Esta descoberta deu ao Dr. LEFEBURE, a ideia de estudar o que se passa se produzir um fosfeno em cada olho separadamente. Para este efeito, o Dr. LEFEBURE desenvolveu o aparelhamento seguinte: os olhos separados por um separador de campo visual (uma simples placa de cartão é suficiente), utiliza-se duas lâmpadas, acesas alternadas ao ritmo de dois segundos por cada lado, para produzir um fosfeno duplo, quer dizer um fosfeno em cada olho.
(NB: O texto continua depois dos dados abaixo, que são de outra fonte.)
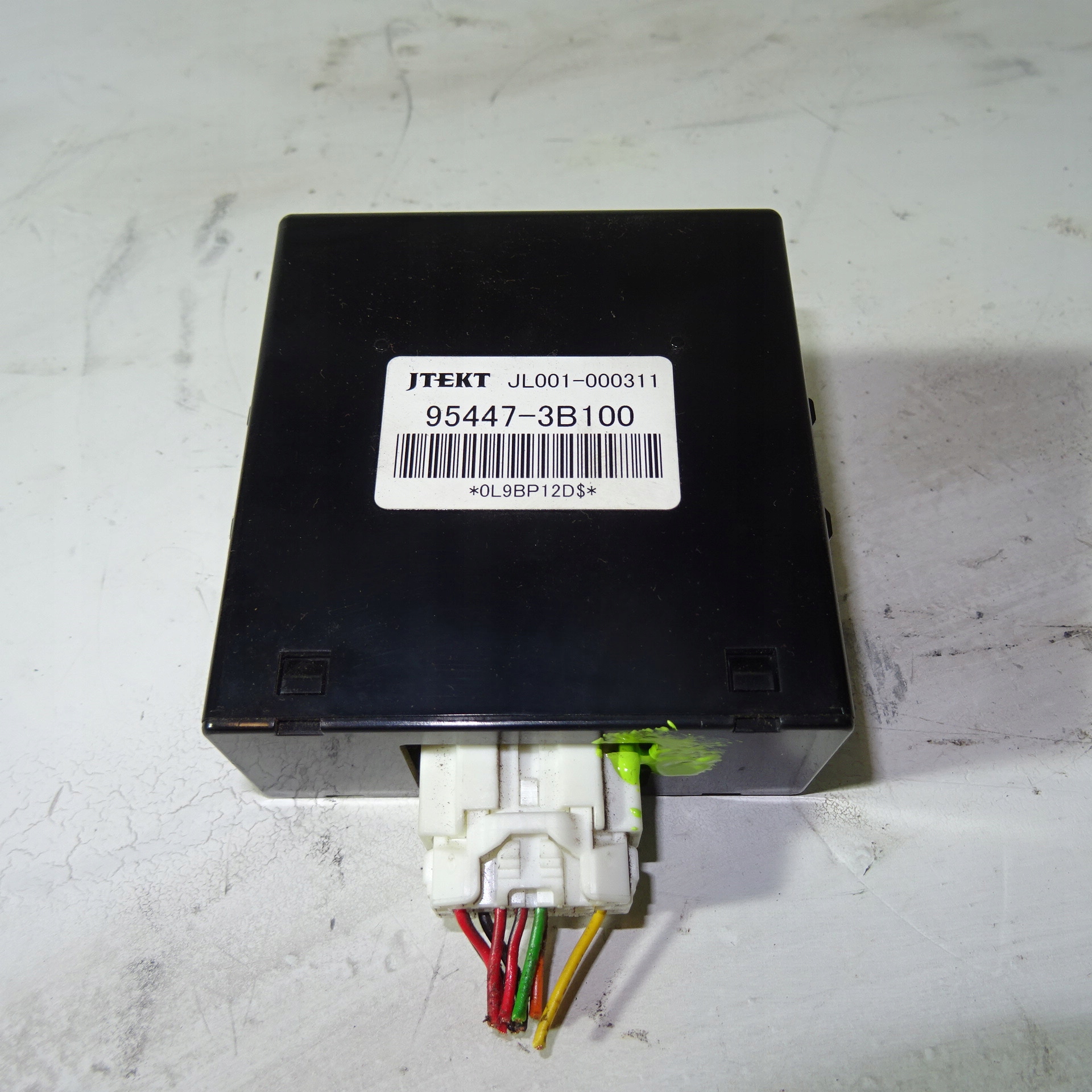 HYUNDAI IX35 control unit NAPEDOW 95447-3B100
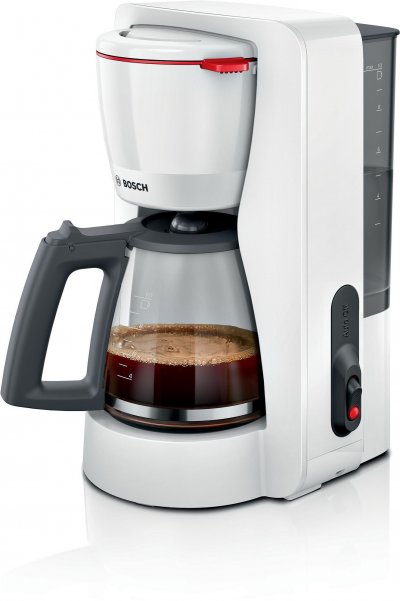 BOSCH  TKA2M111 Machine &agrave; caf&eacute; Manuel filtre 1.25 L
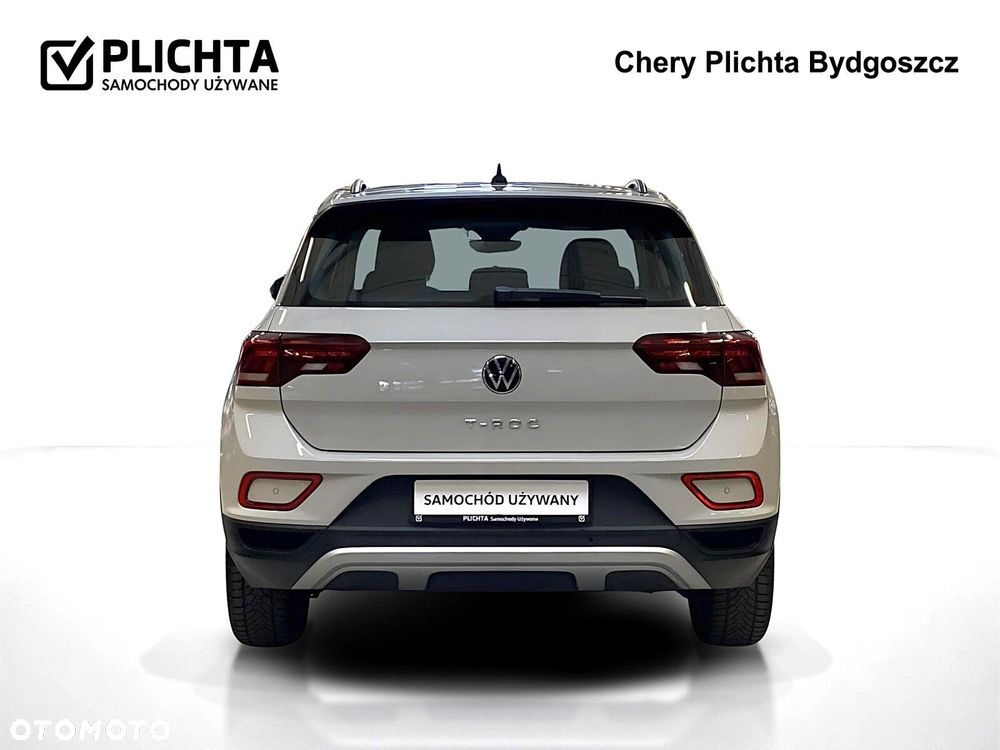 Volkswagen T-Roc 1.5 TSI Life DSG - 5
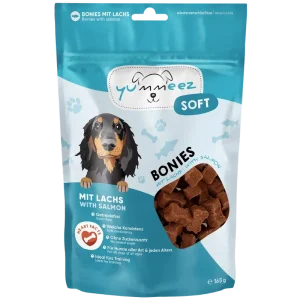 yummeez SOFT BONIES Lachs 165 g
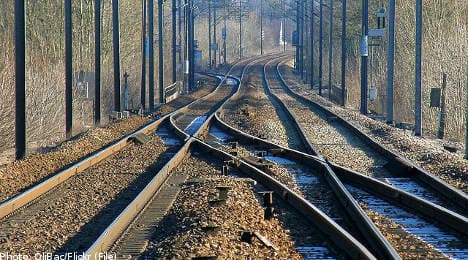 Sweden invests least in railway upkeep: report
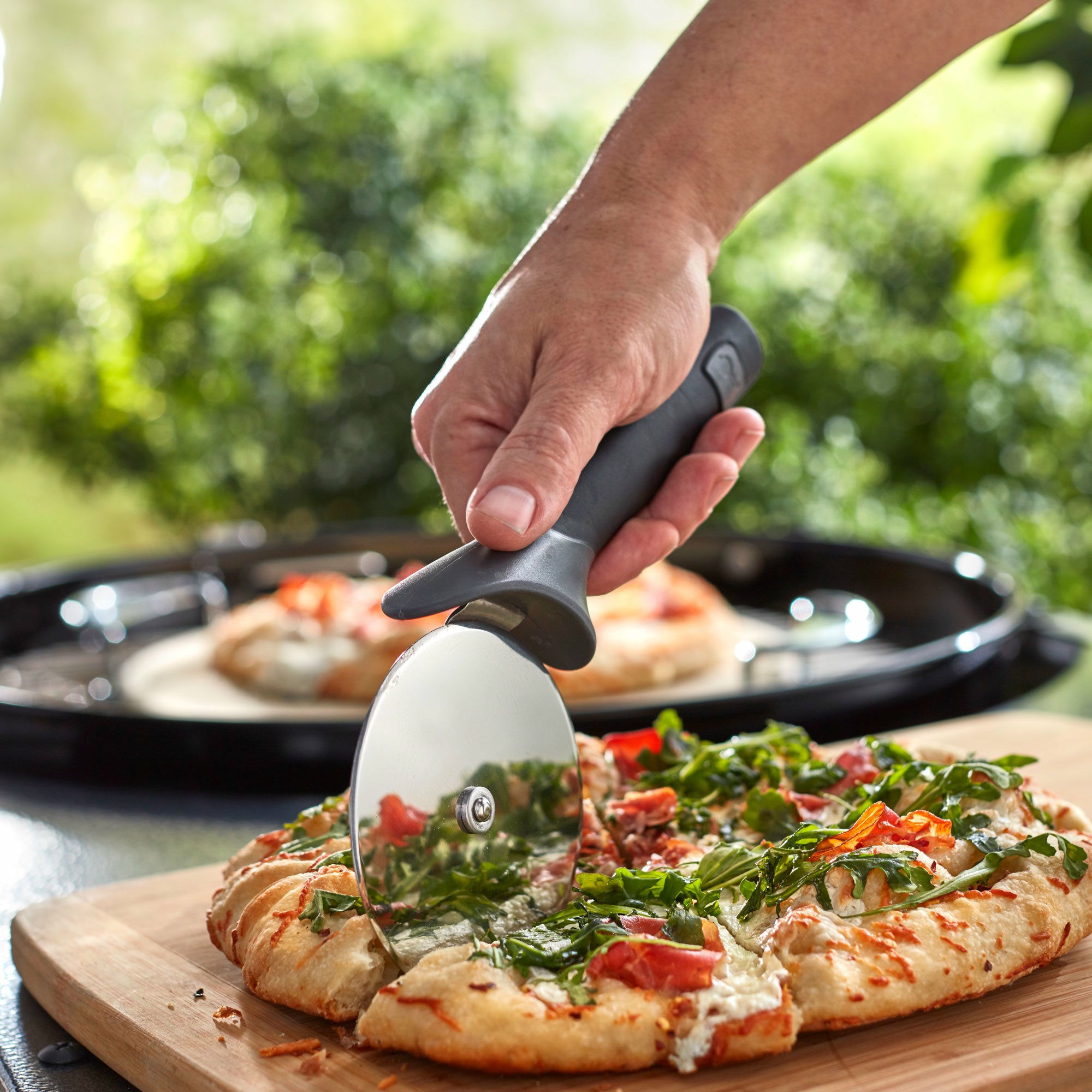 Alternativ bild 1 för Weber Original Pizzaskärare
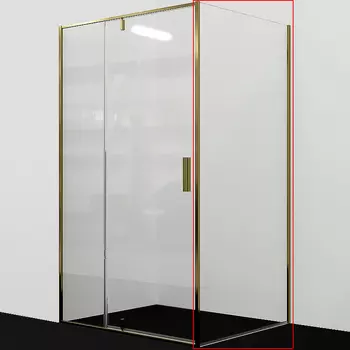 Душевая стенка WasserKRAFT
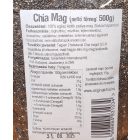 Original Chia mag 500g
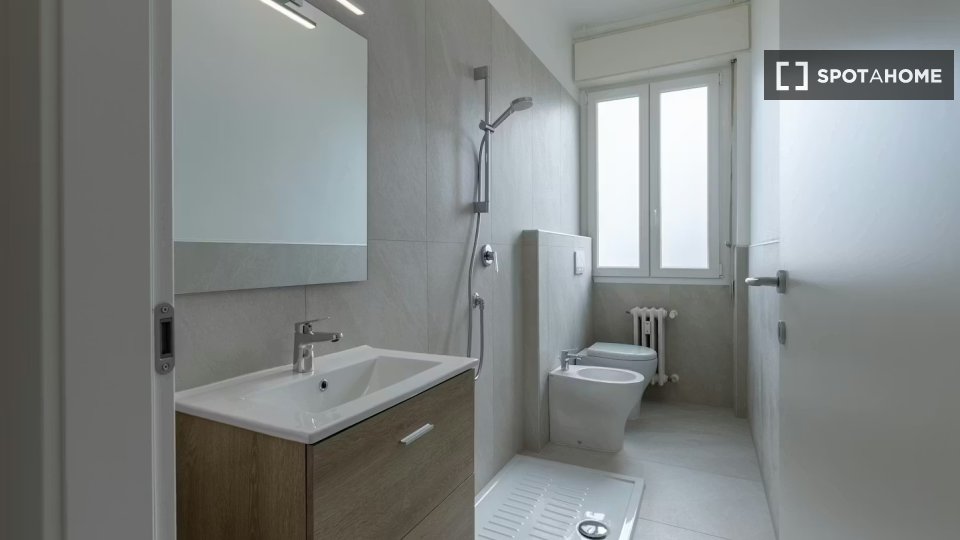 Double room Florence, 4 beds — photo 14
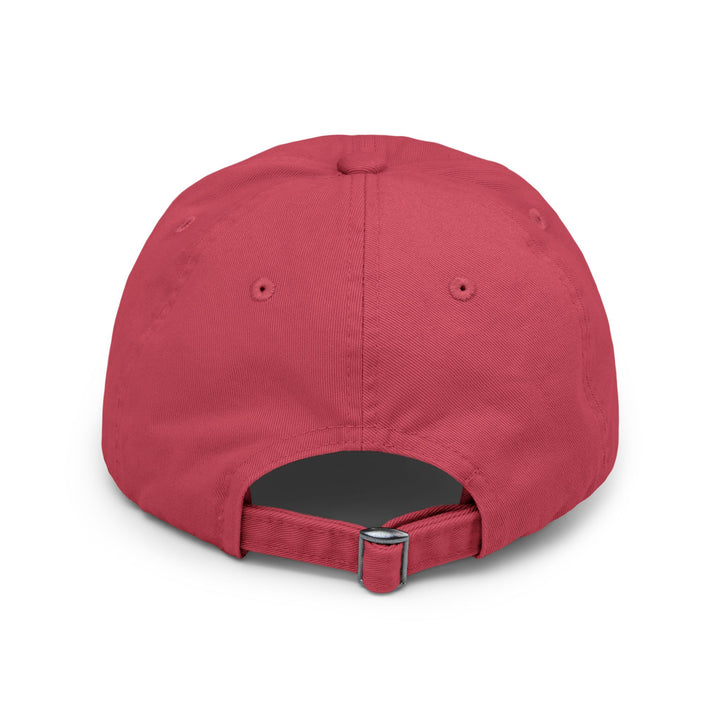 Personalized Vintage Ham Radio Skull Hat | Custom Callsign &amp; Licensed Since Distressed Cap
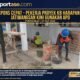 Respons Cepat Pelaksana, Pekerja Proyek KB Harapan Ibu Jatiwangsan Kini Gunakan APD*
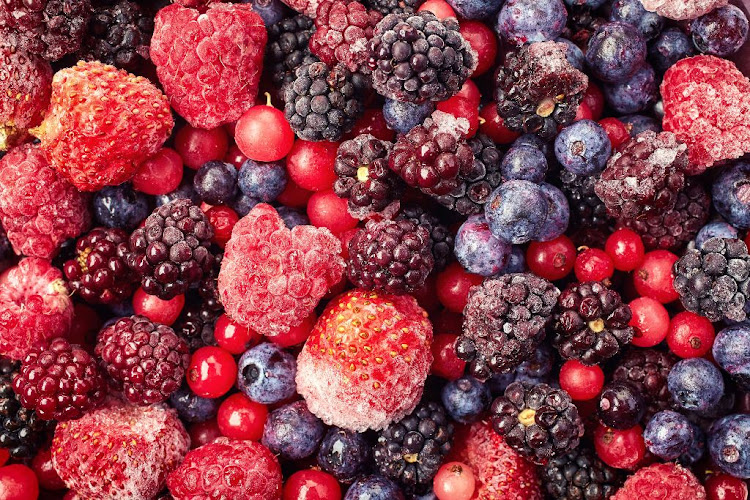 Contamination of pomegranates, berries and other food products with hepatitis A can occur at several points of production.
Os fosfenos assim produzidos aparecem alternativamente, durando em média seis segundos à direita, seguidamente seis segundos à esquerda, e assim em sequências de vinte a trinta vezes. Esta alternância dos fosfenos duplos deve-se a um trabalho rítmico do encefalo, mais precisamente a uma alternância do trabalho dos hemisférios cerebrais. Praticando esta experiência a diferentes momentos do dia, o Dr. LEFEBURE apercebeu-se que a sua própria alternância cerebral era muito mais regular de manhã ao despertar, após uma boa noite de sono, do que à noite após um dia de trabalho. A sua conclusão foi que certas condições melhoram a alternância cerebral, enquanto que os outros o desregulam. Uma alternância cerebral regular é a marca de um bom estado do cérebro, o Dr. LEFEBURE enunciou uma nova lei de fisiologia cerebral: "Tudo o que facilita a alternância cerebral melhora o trabalho intelectual e qualquer melhoria no trabalho intelectual facilita a alternância cerebral". A aplicação desta lei desembuchou sobre o desenvolvimento de uma técnica de exploração cerebral revolucionária: o cerebroscópio.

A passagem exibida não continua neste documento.